The letter further informed Ban that the Burmese people are counting on the UN to take the necessary actions to achieve democratic reform and to address the humanitarian crisis and ongoing human rights abuses inside the country.

The world body chief visited Burma in May and persuaded the junta to allow an increase in relief supplies and aid workers into the country to help victims of Cyclone Nargis, which struck Burma's delta region, leaving more than 130,000 people killed or missing and some 2.4 million in need of assistance.

Ban earlier said that he was ready to pay another visit to the Southeast Asian nation in December to try and address the political deadlock. But the Secretary General's spokesperson last month hinted that Ban might cancel his planned trip if there is no political progress in Burma.

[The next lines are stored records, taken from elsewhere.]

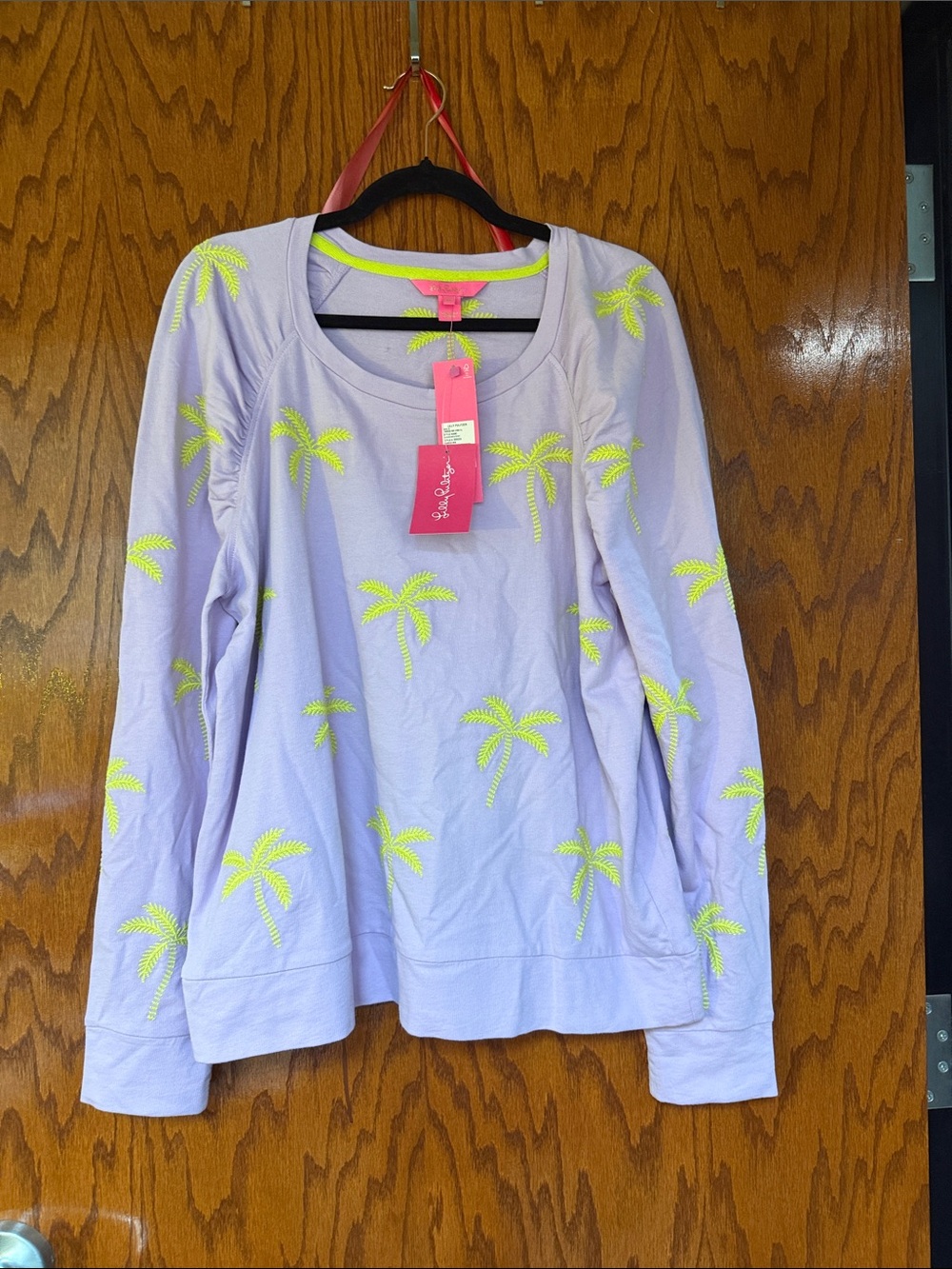 Lilly Pulitzer Lavender Sweatshirt with Neon Palm Embroidery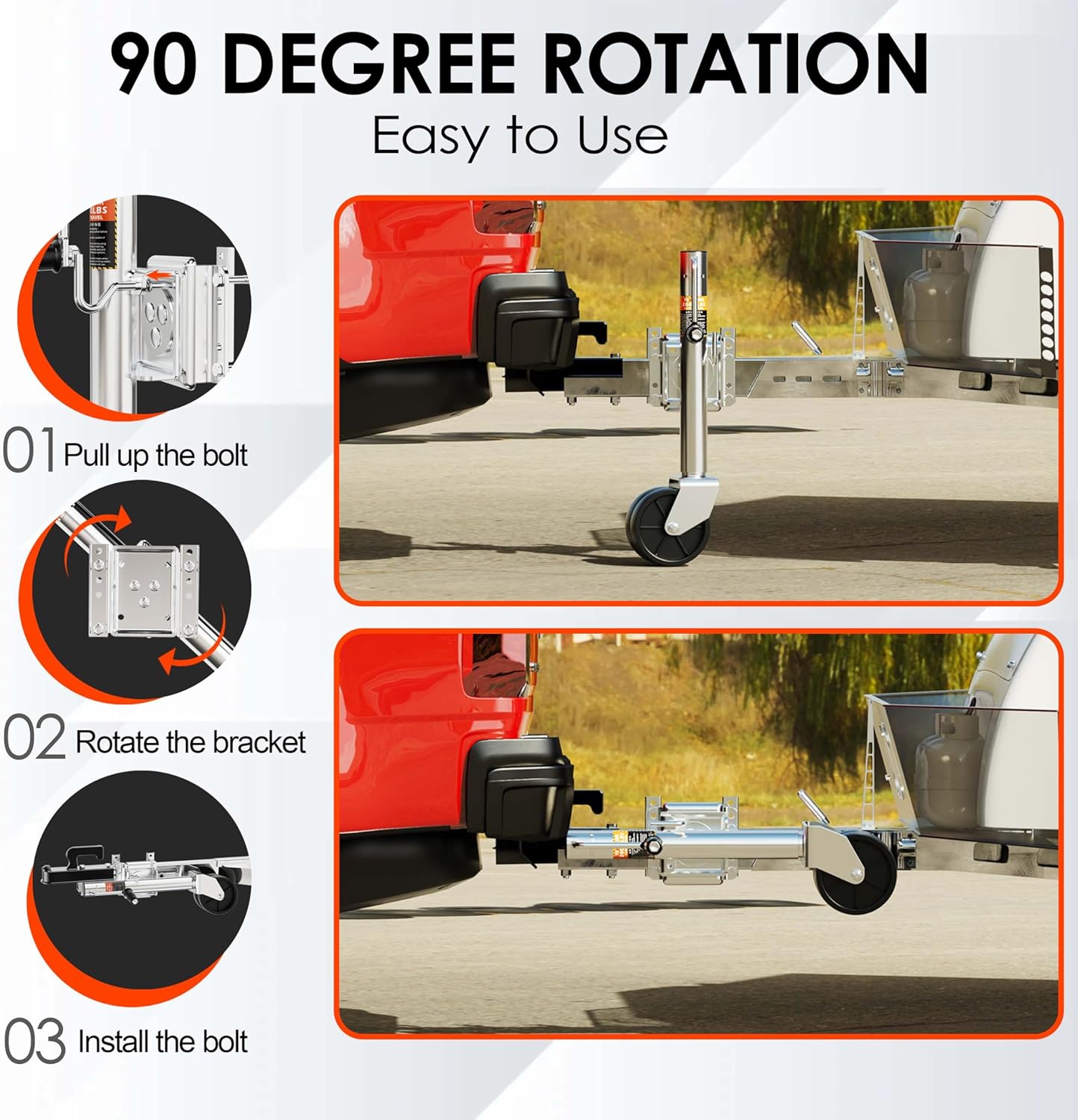 YOMILINK Heavy Duty Trailer Jack - 1500 lbs Capacity, Dual Wheel, 12" Lift, Bolt-On for RV & Boat Trailers - Silver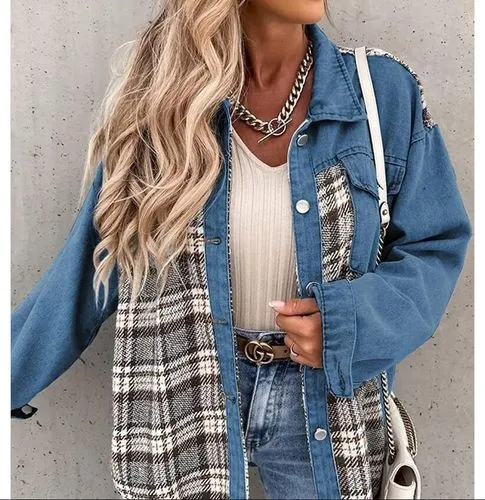 Women's Casual British Style Plaid Single Breasted Coat Denim Jacket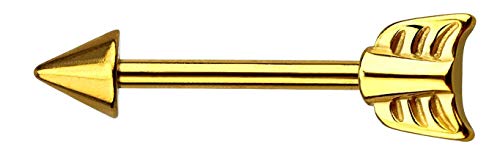 Brustwarzenpiercing Pfeil Herren Frau Unisex Stab nickelfrei Nippelpiercing Brust Piercing Chirurgenstahl Gold-16mm Brustwarzenpiercing Pfeil Herren Frau Unisex Stab nickelfrei Nippelpiercing Brust Piercing Chirurgenstahl Gold-16mm von PiercingDoc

The UN Security Council issued a presidential statement in October of last year calling for the early release of all political prisoners in Burma. Moreover, the world body also set 2008 as the deadline for the Burmese regime to free all political prisoners.

The junta, however, has apparently ignored the appeal of the Security Council, instead continuing to arrest and imprison a record number of political activists.

According to the Assistance Association for Political Prisoners (Burma), an activist group based in Thailand, the population of political prisoners in Burma drastically increased to more than 2,000 this year from an estimated 1,200 a year previously.

According to the AAPP-B, over the course of October and November the regime has handed out harsh sentences to at least 215 political activists, including members of Aung San Suu Kyi's National League for Democracy (NLD), monks, relief workers, journalists, bloggers, artists and lawyers. The sentences range from four months to up to 68 years in prison.

The ex-world leaders also urged Ban to persuade the Security Council to take firm action to implement its October statement on Burma if efforts to change Burma are not successfully implemented by the end of 2008.

The letter to Ban was initiated by former Prime Minister of Norway and President of the Oslo Center for Peace and Human Rights, Kjell Magne Bondevik. Other signatories to the letter include U.S. President George H.W. Bush and former President Jimmy Carter, former British Prime Ministers Tony Blair, Margaret Thatcher and John Major and former Soviet leader Mikhail Gorbachev.